#### [WHAT IS BEING ASKED]
Only the closing portion of the entries is to be reproduced: the line containing "Time-lapse classic wall" through the very last line, exactly as written.

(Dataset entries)
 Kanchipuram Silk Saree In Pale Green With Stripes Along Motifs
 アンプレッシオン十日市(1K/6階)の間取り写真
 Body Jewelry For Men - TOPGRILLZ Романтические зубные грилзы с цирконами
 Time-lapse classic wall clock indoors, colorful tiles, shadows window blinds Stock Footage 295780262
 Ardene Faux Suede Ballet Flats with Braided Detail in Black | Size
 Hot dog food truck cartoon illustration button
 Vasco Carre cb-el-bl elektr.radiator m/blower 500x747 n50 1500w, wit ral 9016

#### [ANSWER BOX]
 Time-lapse classic wall clock indoors, colorful tiles, shadows window blinds Stock Footage 295780262
 Ardene Faux Suede Ballet Flats with Braided Detail in Black | Size
 Hot dog food truck cartoon illustration button
 Vasco Carre cb-el-bl elektr.radiator m/blower 500x747 n50 1500w, wit ral 9016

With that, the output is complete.